LES ORGANISATIONS DE LA SOCIÉTÉ CIVILE À :
a. S’engager activement avec les Institutions nationales des Droits de l’homme dans les activités de suivi, de documentation, de plaidoyer et de suivi communautaire visant à renforcer la mise en œuvre nationale des instruments africains des Droits de l’homme et de la jurisprudence ;
b. Soutenir les démarches de redevabilité centrées sur les victimes et les titulaires de Droits, notamment par le plaidoyer stratégique, la mobilisation communautaire et l’appui aux victimes dans leurs dans l’accès et le recours aux mécanismes nationaux de redevabilité ;
c. Collaborer avec les Institutions nationales des Droits de l’homme afin d’améliorer la visibilité, le suivi et l’appropriation nationale des décisions, recommandations et de la jurisprudence des organes africains des Droits de l’homme, en particulier au niveau infranational.
LE MONDE UNIVERSITAIRE À :
a. Mener des recherches et analyses rigoureuses et contextualisées sur les instruments africains des Droits de l’homme, la jurisprudence et les pratiques de mise en œuvre, en vue de renforcer l’élaboration de politiques fondées sur des données probantes, le plaidoyer et la réforme institutionnelle ;
b. Soutenir le renforcement des capacités et le développement des connaissances des Institutions nationales des Droits de l’homme et des autres acteurs de la redevabilité, notamment par la formation, l’élaboration de curricula, la formation judiciaire et la diffusion de la jurisprudence africaine ;
c. Promouvoir l’étude et l’enseignement des philosophies juridiques africaines, notamment l’ubuntu, l’éthique communautaire et les conceptions autochtones de la justice, ainsi que leur influence sur la jurisprudence africaine des Droits de l’homme ;
d. Contribuer à une réflexion critique et à l’évaluation des écarts de mise en œuvre, des dynamiques de conformité et des pratiques institutionnelles, notamment par des recherches indépendantes destinées à éclairer le renforcement durable du système africain des Droits de l’homme.
LES PARTENAIRES AU DÉVELOPPEMENT À :
a. Fournir un appui technique et financier, y compris en matière de renforcement des capacités, guidé par les priorités nationales, les afin de renforcer l’aptitude des Institutions nationales des Droits de l’homme leur Réseau dans leur aptitude à assurer le suivi et l’évaluation de la mise en œuvre des instruments et de la jurisprudence africains des Droits de l’homme ;
b.
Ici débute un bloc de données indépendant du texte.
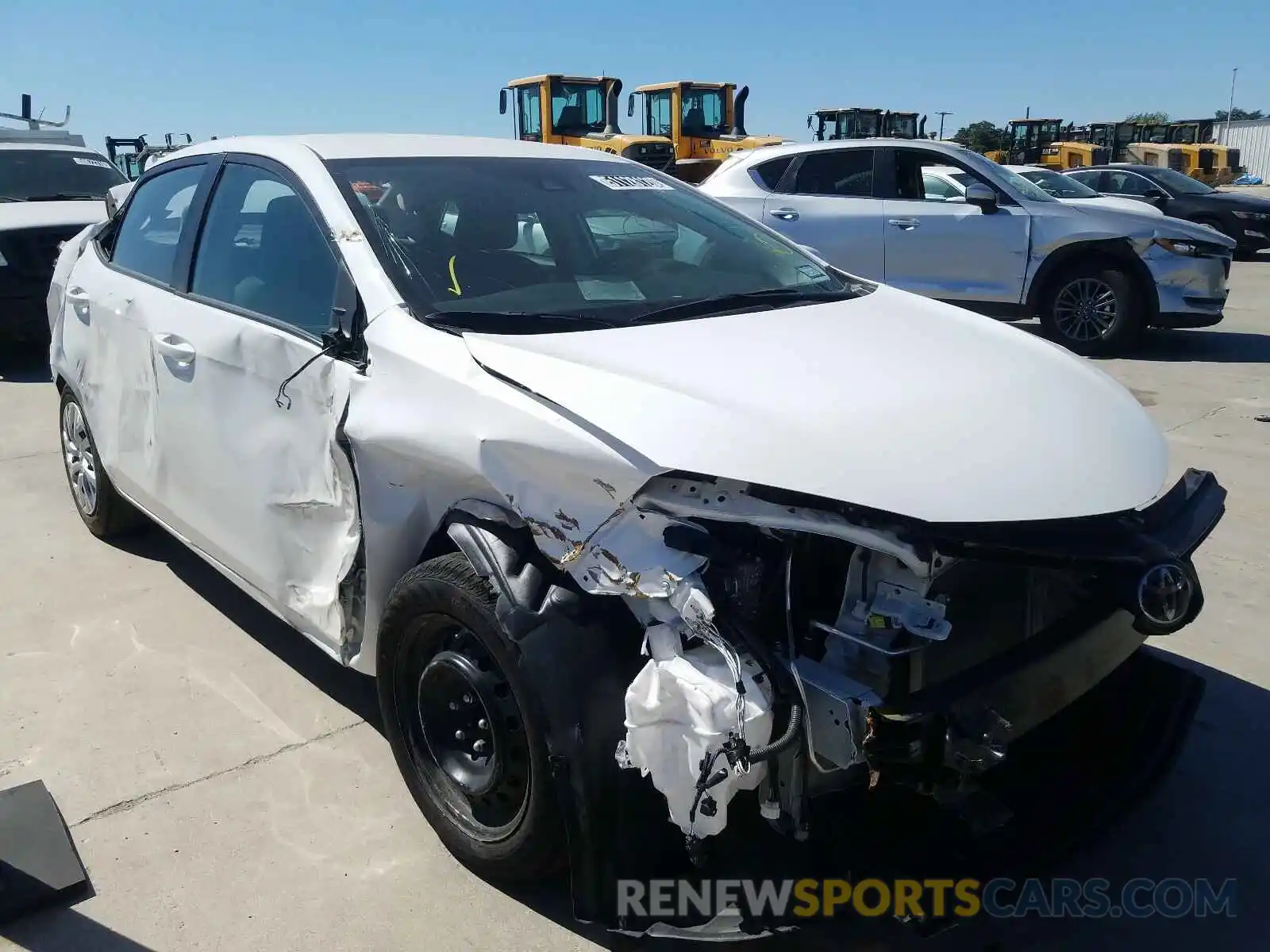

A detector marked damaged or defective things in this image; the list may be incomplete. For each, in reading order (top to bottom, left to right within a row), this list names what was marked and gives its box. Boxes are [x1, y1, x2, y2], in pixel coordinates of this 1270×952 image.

dented driver door [150, 162, 365, 654]
white damaged sedan [47, 132, 1219, 939]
Soutenir le développement de systèmes et d’outils institutionnels, notamment des mécanismes de suivi, des systèmes de données et des cadres de contrôle de la conformité, permettant un engagement national durable avec les normes africaines des Droits de l’homme ;
c. Accorder la priorité à un appui de long terme centré sur la mise en œuvre, notamment en soutenant l’engagement infranational, l’apprentissage entre pairs et les initiatives de coopération régionale dans le cadre du RINADH.